The activities of the D4 Institute will have a transformative impact on the dependability of data-science lifecycles. First, the problem definition itself will have a significant impact by helping future innovations beyond academia. While the notion of dependability is well-studied in the computer-systems literature, challenges in data science push the boundary of existing knowledge into the unknown. This institute's work will define D4, and increase data science's benefit to society by providing a transformative theory of D4. The second impact will come from the process of shared vocabulary development facilitated by this institute, and its result that would encourage experts across TRIPODS disciplines and domain experts to collaborate on common goals and challenges. Third, the institute will set research directions for D4 by providing funding for foundational research, which will have a separate set of impacts. Fourth, the institute will facilitate transdisciplinary training of a diverse cadre of data scientists through activities such as the Midwest Big Data Summer School and the D4 workshop.

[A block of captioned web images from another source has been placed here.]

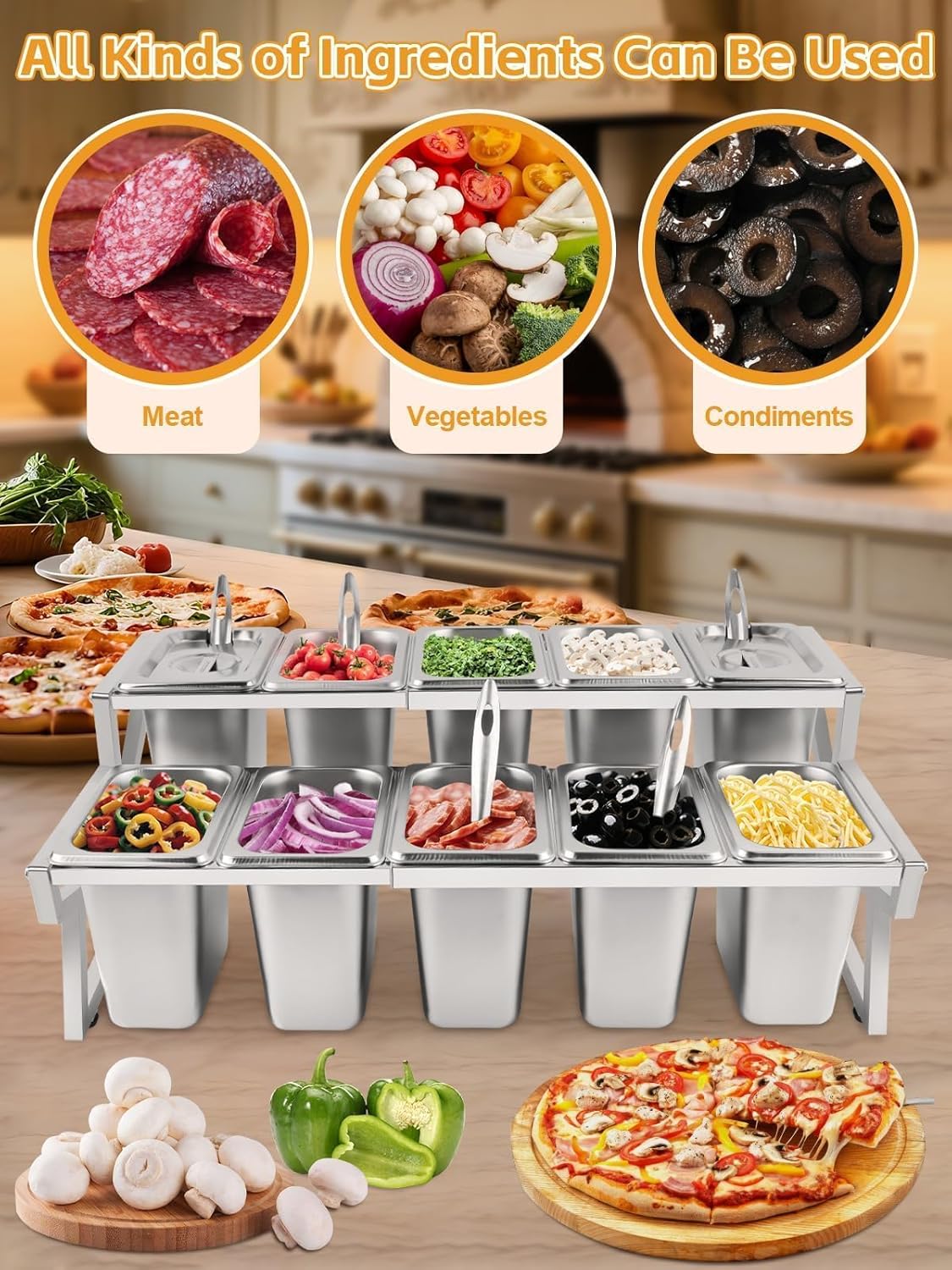Kalolary 10 Pans Pizza Topping Storage Station, 2 Row Adjustable Stainless Steel Condiment Containers with Lids Spoons Ice Food Serving Display Container Salad Bar Buffet Station for Home Kitchen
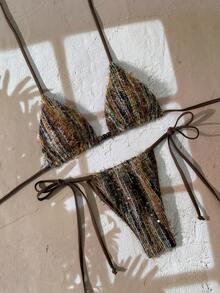 Swim Chiccia 女士泳衣两件套，性感优雅浪漫针织亮片挂脖系带泳装，女士度假装，女士精致优雅沙滩泳装套装 - 棕色 - 查看 1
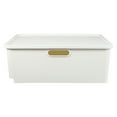 thumbnail image 1 of unbranded  Japanese Storage Box Kitchen Shelves Basket Containers with Lids White, 1 of 8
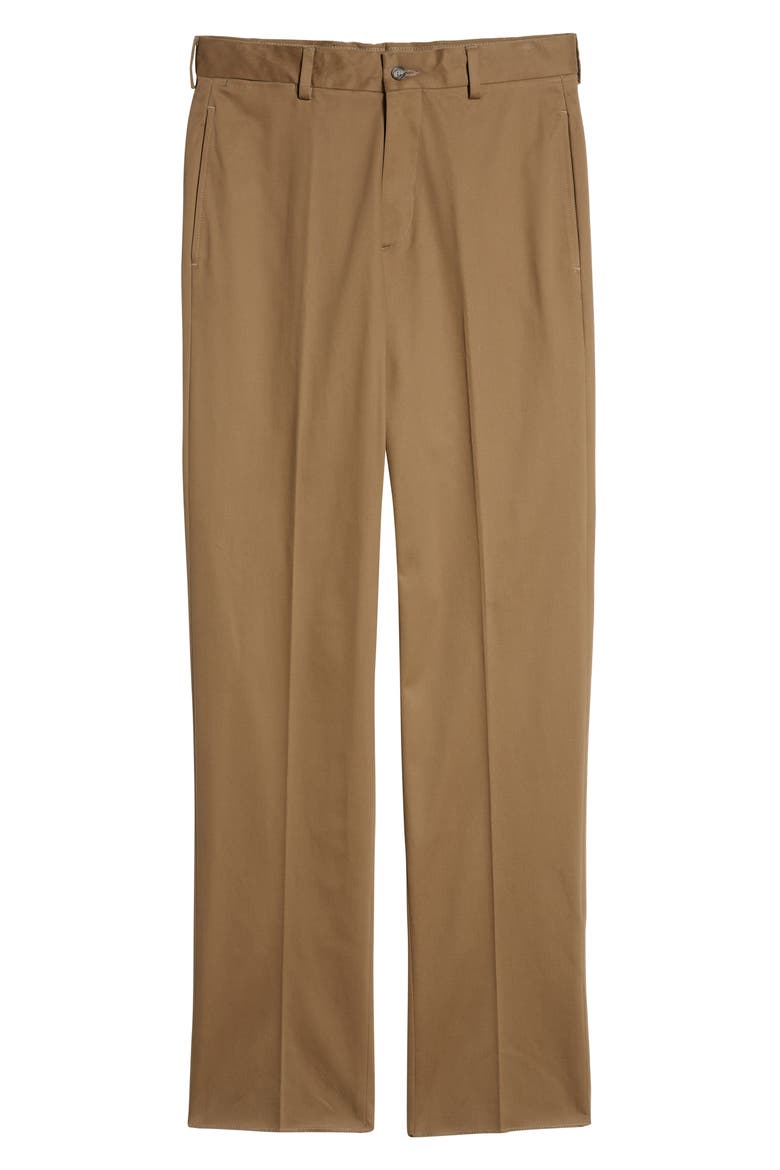 Charleston Khakis Flat Front Stretch Sateen Pants, Alternate, color, DK KHAKI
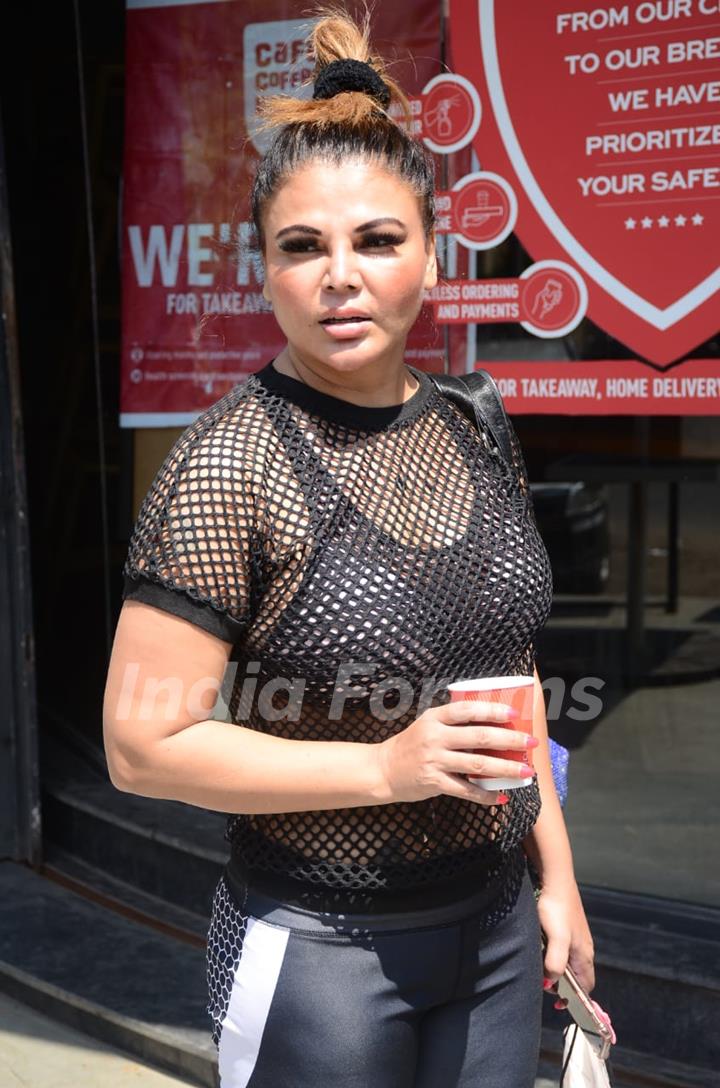 Rakhi Sawant snapped at a coffee shop in Andheri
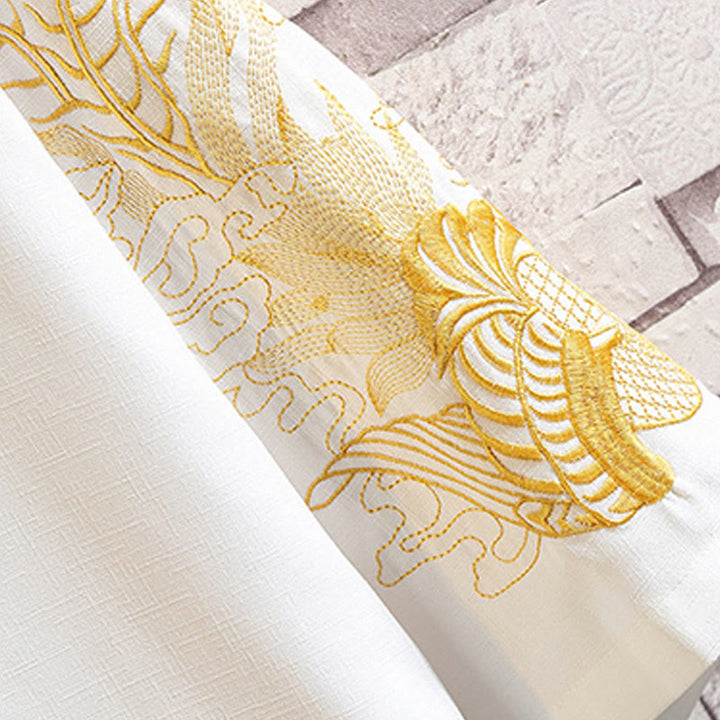 Veste kimono ouverte pour homme, broderie de Buddha Stones, dragon, phénix, nuage de bon augure, vagues, feuilles, grues - image 24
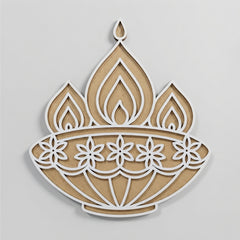 Todfod Wooden Diya Rangoli for Floor Decoration Reusable MDF Rangoli for Diwali Home Entrance Pooja Festival Decor 12 Inch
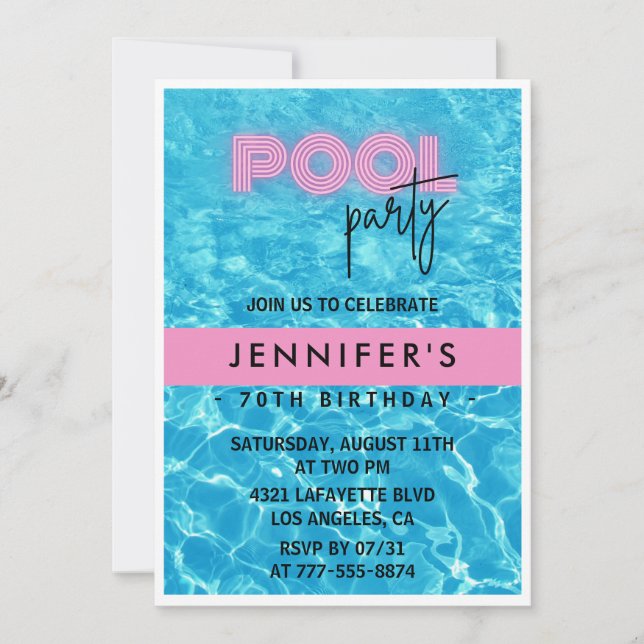 70th birthday invitations Pool Party Summer (Front)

The project will advance the theoretical foundations of data science by fostering foundational research to enable understanding of the risks to the dependability of data-science lifecycles, to formalize the rigorous mathematical basis of the measures of dependability for data science lifecycles, and to identify mechanisms to create dependable data-science lifecycles. The project defines a risk to be a cause that can lead to failures in data-driven discovery, and the processes that plan for, acquire, manage, analyze, and infer from data collectively as the data-science lifecycle. For instance, an inference procedure that is significantly expensive can deliver late information to a human operator facing a deadline (complexity as a risk); if the data-science lifecycle provides a recommendation without an uncertainty measure for the recommendation, a human operator has no means to determine whether to trust the recommendation (uncertainty as a risk). Compared to recent works that have focused on fairness, accountability, and trustworthiness issues for machine learning algorithms, this project will take a holistic perspective and consider the entire data-science lifecycle. In phase I of the project the investigators will focus on four measures: complexity, resource constraints, uncertainty, and data freshness. In developing a framework to study these measures, this work will prepare the investigators to scale up their activities to other measures in phase II as well as to address larger portions of the data-science lifecycle. The study of each measure brings about foundational challenges that will require expertise from multiple TRIPODS disciplines to address.